Таким образом, культура, возникновение которой Ясперс датирует осевым временем, — в форме искусства, философии, религии — стала для человека способом преодоления открывшегося впервые трагиз­ма бытия. В шифре философской веры трансценденция дает о себе знать, не навязывая ограниченности определенного знания. Это озна­чает для Ясперса, что духовное содержание культуры возникает и су­ществует только в диалоге между личностями как бесконечное дви­жение к трансцендентному, что культура по своему изначальному смыслу диалогична. И возможной она оказалась только благодаря

появлению в личности слоя экзистенции и соответственно — экзи­стенциальной коммуникации. Культура поэтому сама является, по Ясперсу, условием истинного существования человека.

Однако в ходе постепенного движения сознания от признания необъективируемости трансценденции и экзистенции к созданию кар­тин мира позитивными религиями, рационалистической метафизи­кой, наукой, искусством, претендующими на адекватное воспроизве­дение бытия в своей специфической символике, человек замыкается в феноменальном мире, утрачивает подлинный контакт с бытием, эк­зистенциальную открытость другому. В символе одно предстает в ка­честве другого, отождествляется с определенной предметностью; в том числе трансцендентное, как Бог для позитивной религии, представле­но в догматическом знании, религиозной символике. Поэтому Ясперс решительно утверждает: «Мы предпочитаем слову «символ» понятие «шифр». Символ означает наличие иного в «наглядной полноте», в которой нераздельно едины значение и обозначаемое. Символизи­руемое налично лишь в самом символе. Символ — это представитель другого. Шифр в отличие от символа — «язык» трансцендентного, ко­торое доступно только через язык, а не через идентичность вещи и символа в самом символе... Шифр означает язык, «язык» действитель­ности, которая только таким образом слышится и может быть выра­жена». С утратой экзистенциальной глубины личности культура за­стывает в догматической жесткости. Поэтому итальянский Ренессанс, возрождающий античность, и немецкая Реформация, обращенная к первоначальному христианству, обновив себя духом осевого времени, черпали в нем силу для ускоренного исторического развития Запад­ной Европы. Индия и Китай не пережили аналогичных процессов и лишь упрочили свой традиционализм. Именно западная культура от­личается динамикой, интенсивностью развития и лидирует в перехо­де к следующей фазе истории, которая начинается в XX в. как собст­венно мировая история и обретает контуры будущей культуры в диа­логе всех культур.

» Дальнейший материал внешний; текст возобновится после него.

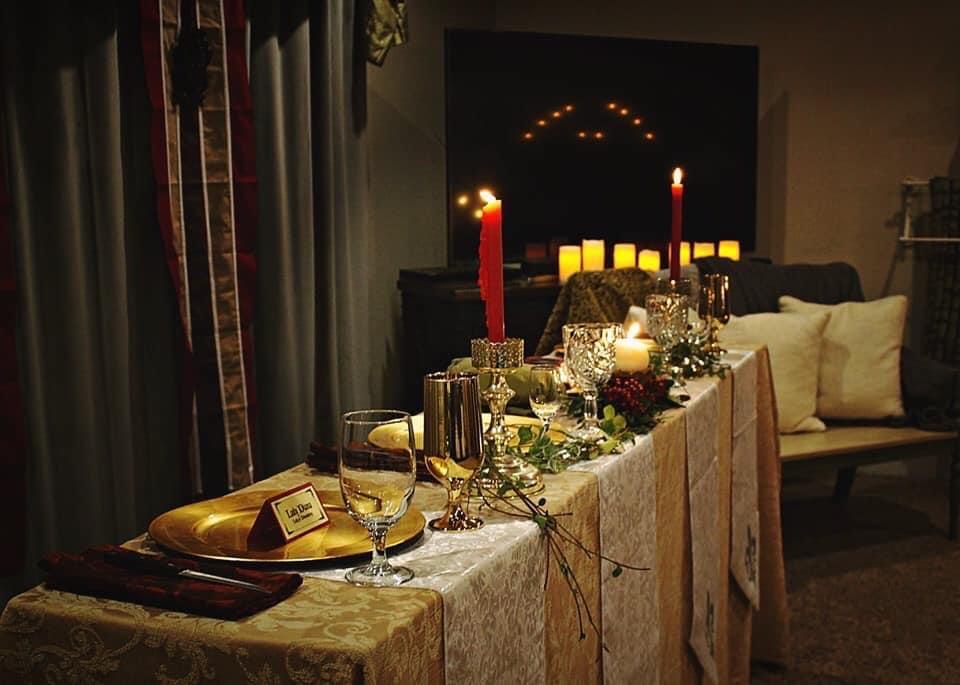 a table with candles and glasses on it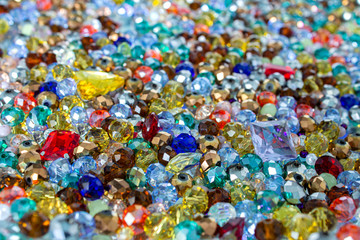 Mix of shining multicolored faceted glass beads for jewelry, background.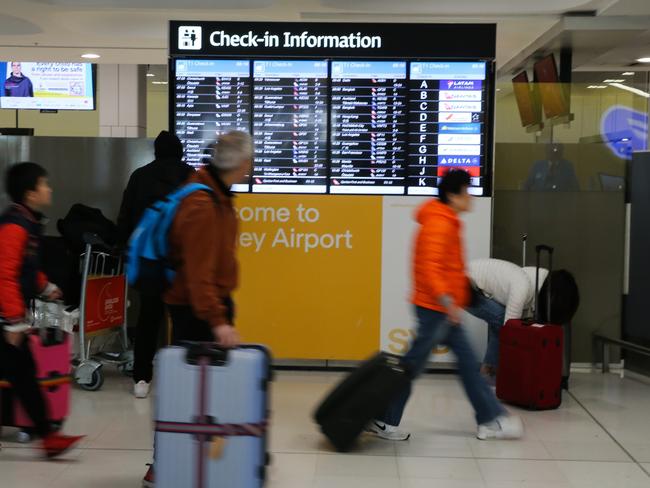 SYDNEY, AUSTRALIA  - AUGUST 15 2023: A general view of the Departures Terminal at Sydney International Airport, after a man who forced a Malaysia Airlines plane to make a dramatic turn back to Sydney International Airport after he became unruly and made references to Islam has been arrested. The MH122 Airbus-a330 flight to Kuala Lumpur was diverted back to Sydney and was isolated on the tarmac with AFP officers called to the emergency just before 4pm on Monday. Picture: NCA Newswire / Gaye Gerard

Ясперс обеспокоен за судьбу будущего и ищет истоки духовного кризиса современности. Определяя основание будущей культуры в научно-техническом прогрессе, философ указывает на нравственную индифферентность техники и подчеркивает ответственность челове­ка за цели ее применения. «Весь вопрос в том, — убежден он, — что за человек подчинит ее себе, каким он проявит себя с ее помощью». Между тем отдельный человек перестает быть полноправным пред­ставителем народа, а становится единицей массы без «своего подлинного мира, корней и почвы». Он становится управляемым и взаимоза­меняемым. Забвение экзистенциальной коммуникации — главная при­чина современного кризиса культуры, по Ясперсу. Однако и сейчас отдельный человек в массе остался человеком, поэтому вопрос о бу­дущем — это вопрос о том, «в какой степени действенными окажутся коренящиеся в сфере индивидуально-интимного (часто пренебрежи­тельно именуемого в наши дни «частным») импульсы, способные в конечном счете привести к возрождению бытия человека из недр массового бытия». Культура исторична, а «историческое всегда еди­нично, неповторимо», и индивидуум — не сосуд общего или его выра­зитель, а «действительность, одухотворяющая это общее». «Историче­ский индивидуум недоступен взгляду, направляемому интересами по­знания, а открывает себя только любящему взору, — вслед за Г. Когеном повторяет Ясперс. — В бесконечности любимого откры­вается мир, историчность бытия».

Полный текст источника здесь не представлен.